Ninguém vai ao teatro sozinho. Ir ao teatro é sempre aceitar uma companhia inesperada, que pode até não chorar ou rir no mesmo ritmo e intensidade, mas cuja presença vai transformar seu choro ou seu riso. Para além das questões de natureza técnica, de reorganização da própria performance para se ajustar aos mecanismos de mediação, a diferença mais sensível do teatro físico para o teatro virtual, do teatro presencial para o teatro remoto, reside, particularmente, nas restrições de diálogo no interior do campo da recepção. A distância palco-plateia parece ser reduzida, ao mesmo tempo em que a proximidade com o espectador do lado parece ser alargada. Curiosamente, a virtualidade favorece uma interação maior com os artistas e uma menor entre os públicos.

De todo modo, são muitos os indícios de que o teatro das telas, o teatro por streaming, como disse o diretor Aderbal Freire-Filho, pode ter chegado para ficar. A tendência é que esse caçulinha siga fazendo companhia aos demais formatos de expressão teatral, ampliando o público, antes restrito aos espetáculos presenciais, em movimento semelhante ao ocorrido com a transmissão de partidas de futebol décadas atrás. Ambos, futebol e teatro, compara Aderbal, são acontecimentos-espetáculo, um encontro entre os artistas (do gramado, do palco) e o público, sendo, assim, possível e até desejável, sonhar que, tal o futebol que já tem hoje muito mais público em casa do que nos estádios, o teatro possa vencer o limite das salas de espetáculos e alargar sua audiência.

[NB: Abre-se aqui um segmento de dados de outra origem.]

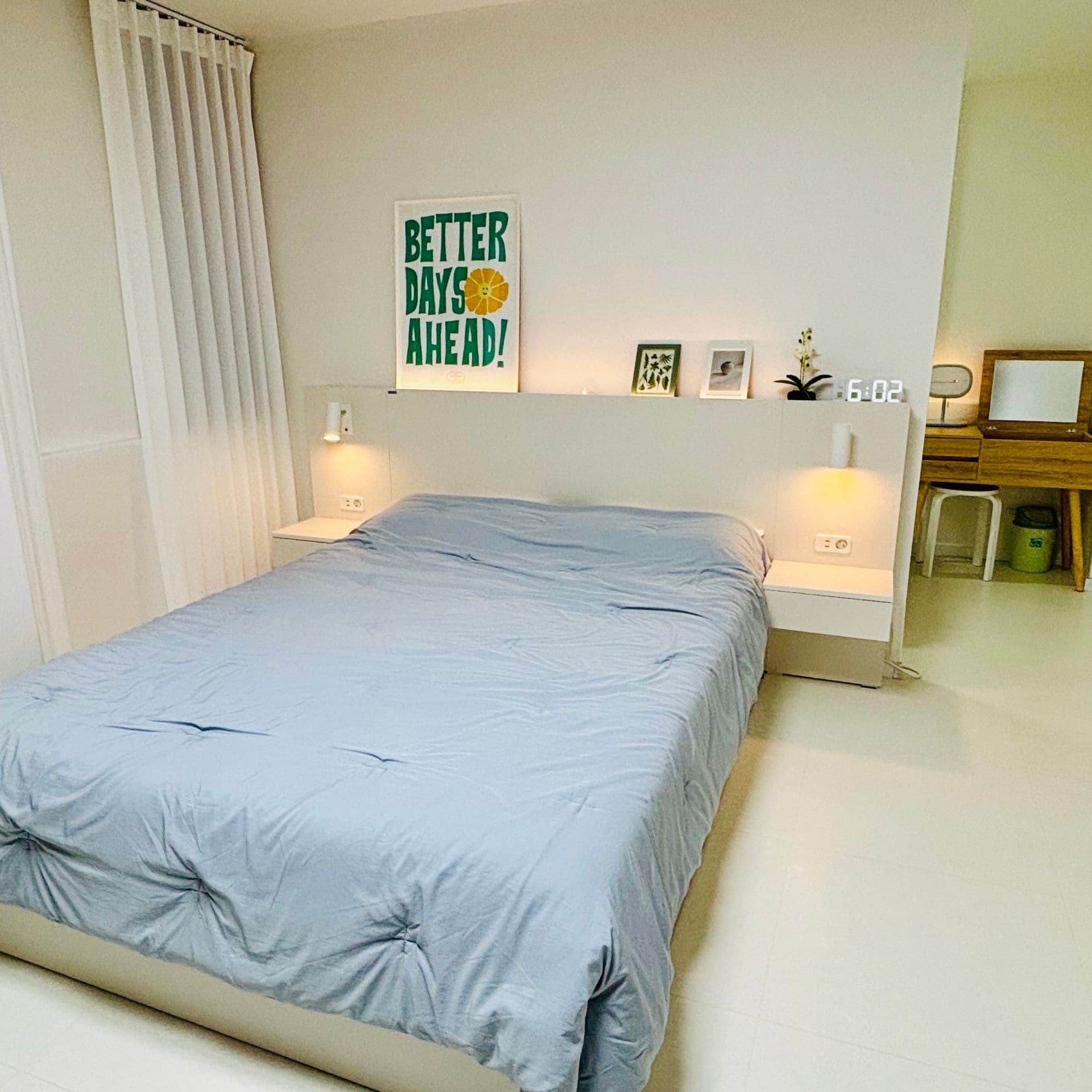 Newly Renovated Seoul Station Studio with Namsan Tower View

Aceitar a emergência do novo, fortalecer a criação e a circulação de produções nos formatos que se tornaram mais evidentes agora, no contexto da pandemia, não supera, em absoluto, a comunicabilidade de outras formas de recepção. Ver circo na arquibancada sob a lona do picadeiro, afinal, é um espetáculo à parte. Nesse sentido, é muito bom o movimento de poder voltar ao teatro (espaço físico). É desafiador, mas confortável. De algum modo, a gente já domina essa possibilidade de recepção sem grandes sobressaltos. A gente não se move, necessariamente, por histórias, tipos ou desenhos de cena, mas pela certeza do encontro.  O outro logo ali, mesmo alheio, mesmo calado, mas presente, muda tudo. 

Magela Lima

Crítico e pesquisador de teatro, tem mestrado e doutorado em Artes Cênicas.